Requirement: Retype each entry exactly as written, and keep the pictures out of the copy.

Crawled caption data
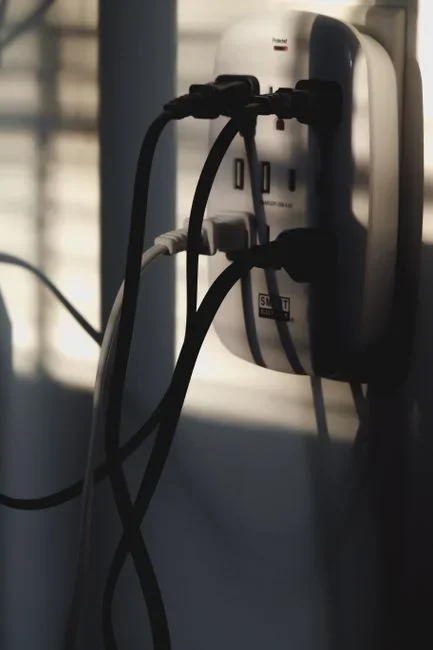 Close-up of a cluttered power strip behind a TV stand with a cable box, sound bar and tangled cords, small standby LEDs glowing in a dim living room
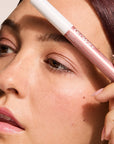 Model wearing Glowify Long-Lasting Eyeshadow Stick product shade Rose Mauve.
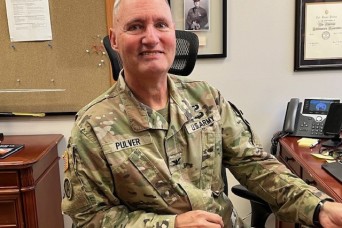 Army bandleader sees the past and future as a grandparent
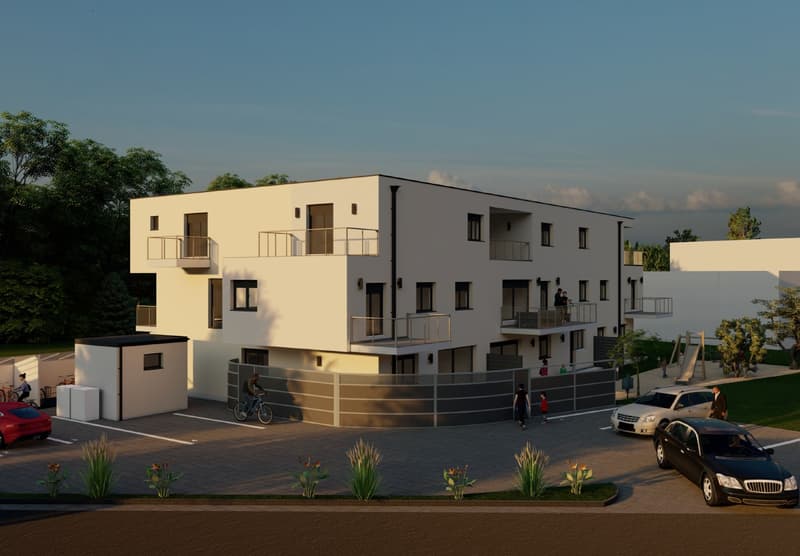 Two story residential building, white walls, balconies, parking area, cars parked, garden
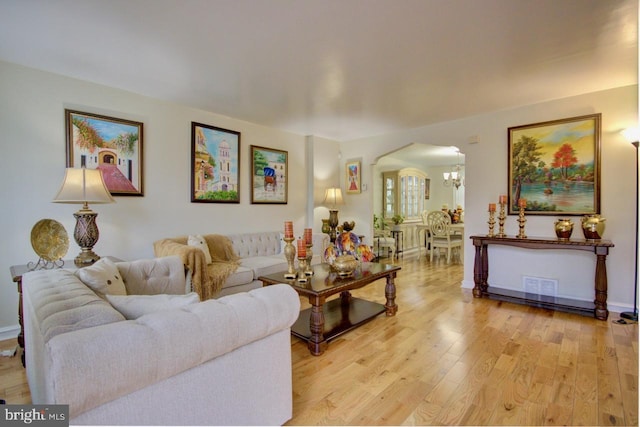 living area with arched walkways, light wood-style flooring, and a chandelier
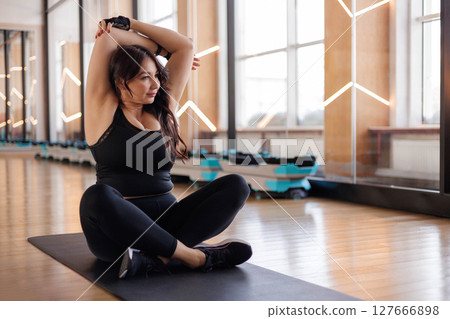 Plus-size woman stretching on yoga mat in gym, embracing self-care and body positivity.. Plus-size woman stretching on yoga mat in gym, embracing self-care and body positivity.. 127666898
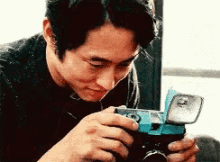 Steven Yeun Camera GIF - Steven Yeun Camera Photograph GIFs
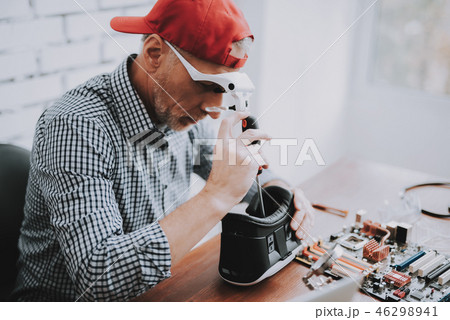 Bearded Old Man Repairing Motherboard from PC. 46298941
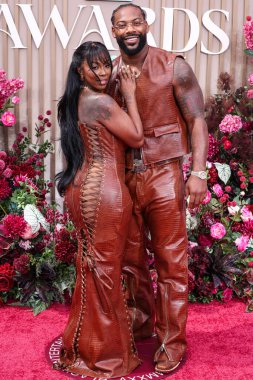 LOS ANGELES, CALIFORNIA, ABD - Haziran 09: Amerikalı rapçi ve aktris Kash Doll (Arkeisha Antoinette Knight) ve Amerikalı profesyonel futbolcu Za 'Darius Smith BET Ödülleri 2025' e geldiler (25.)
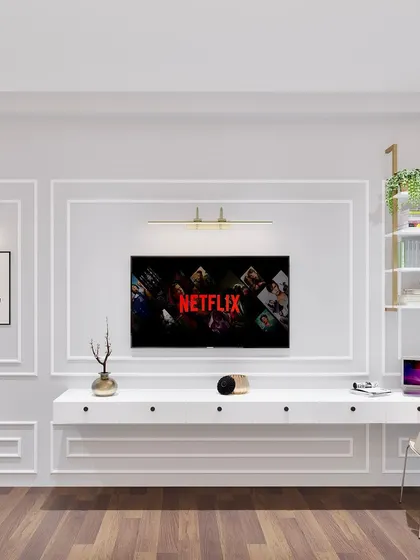 A sophisticated TV unit and study desk combination, perfect for a master bedroom. The design features classic wall molding for an elegant touch.
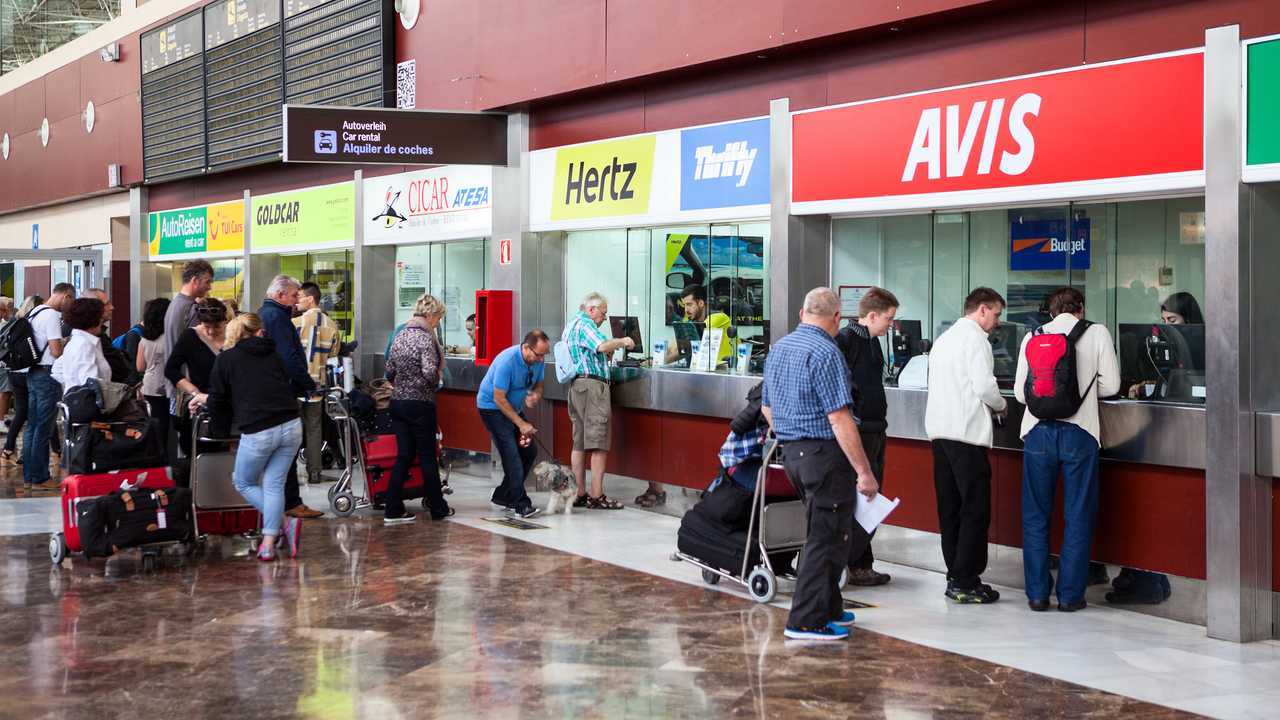 Passengers stand in queue at car rental stands at Tenerife island airport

Reply:
 Close-up of a cluttered power strip behind a TV stand with a cable box, sound bar and tangled cords, small standby LEDs glowing in a dim living room
 Model wearing Glowify Long-Lasting Eyeshadow Stick product shade Rose Mauve.
 Army bandleader sees the past and future as a grandparent
 Two story residential building, white walls, balconies, parking area, cars parked, garden
 living area with arched walkways, light wood-style flooring, and a chandelier
 Plus-size woman stretching on yoga mat in gym, embracing self-care and body positivity.. Plus-size woman stretching on yoga mat in gym, embracing self-care and body positivity.. 127666898
 Steven Yeun Camera GIF - Steven Yeun Camera Photograph GIFs
 Bearded Old Man Repairing Motherboard from PC. 46298941
 LOS ANGELES, CALIFORNIA, ABD - Haziran 09: Amerikalı rapçi ve aktris Kash Doll (Arkeisha Antoinette Knight) ve Amerikalı profesyonel futbolcu Za 'Darius Smith BET Ödülleri 2025' e geldiler (25.)
 A sophisticated TV unit and study desk combination, perfect for a master bedroom. The design features classic wall molding for an elegant touch.
 Passengers stand in queue at car rental stands at Tenerife island airport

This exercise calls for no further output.